I will explore with the reader a class of models called vision transformers. Using these models, I will create different representations for a sample of my photography, cluster the representations, and pull out a core set of images. In a future blog post, I will turn this into an application to explore the photo space a bit more, but for now, we turn our attention to the stated problem. After a brief overview of vision transformers, I will discuss the data, the types of embeddings considered, and present the results of my clustering analysis. All of the code for this project can be found at: https://github.com/bauerj4/photography-analysis. I have licensed it as Apache 2.0, so please re-use in whatever way you wish.

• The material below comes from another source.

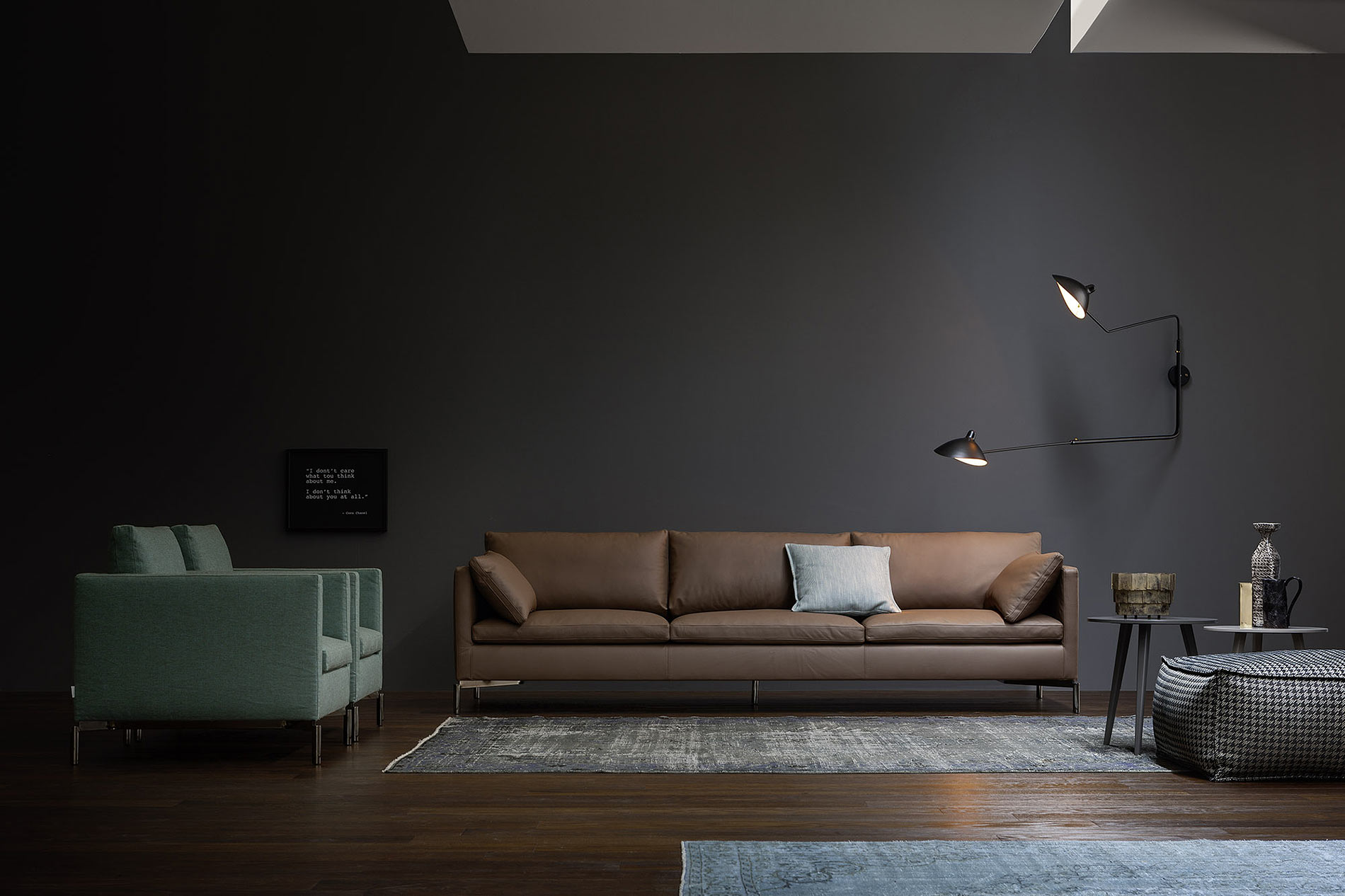 elegante design lederen bank op chromen poten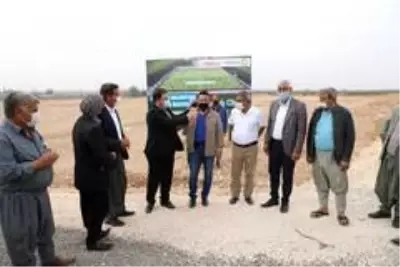 Haliliye kırsalındaki mahalleye halı saha Haliliye kırsalındaki mahalleye halı saha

What Are Vision Transformers?

Image processing since the early 2010s has largely been the domain of Convolutional Neural Networks (CNNs). Advances in hardware, notably the advent of GPU computing, alongside these algorithmic advancements were responsible for a boom in performance on visual tasks. While CNNs saw some application in natural language processing, contemporary deep learning approaches for text frequently relied on recurrent approaches like LSTMs. In 2017, with the publication of Attention is All You Need by Vaswani and colleagues, NLP literature exploded with approaches using the new transformer architecture. The BERT architecture (Devlin et al. 2019) is an early example of how transformers could be used as encoders to create deeply contextual representations of unstructured data. I think it is fair to say that transformer architectures dominate in text understanding today. Being brief, some of the main reasons for the rapid adoption of transformers include:

Parallelization: In encoder / decoder setups, the encoder is not recurrent. With some clever masking techniques and teacher forcing, attentions can be computed in parallel in the decoder during training.
Long-Range Dependencies: Capturing information from distant parts of the input sequence is done explicitly in the attention mechanism.
Simplicity: The actual attention mechanism itself is a relatively straightforward sequence of matrix multiplications. In my opinion, this is much simpler than the state management systems employed by LSTMs.

Owing to these clear benefits, various authors attempted to employ a similar approach on images with initially limited success (Dosovitskiy et al. 2021). In 2021, a model introduced by Dosovitskiy and his coauthors at Google presents a viable competitor to CNN architectures, 4 years after Vaswani et al.’s contributions.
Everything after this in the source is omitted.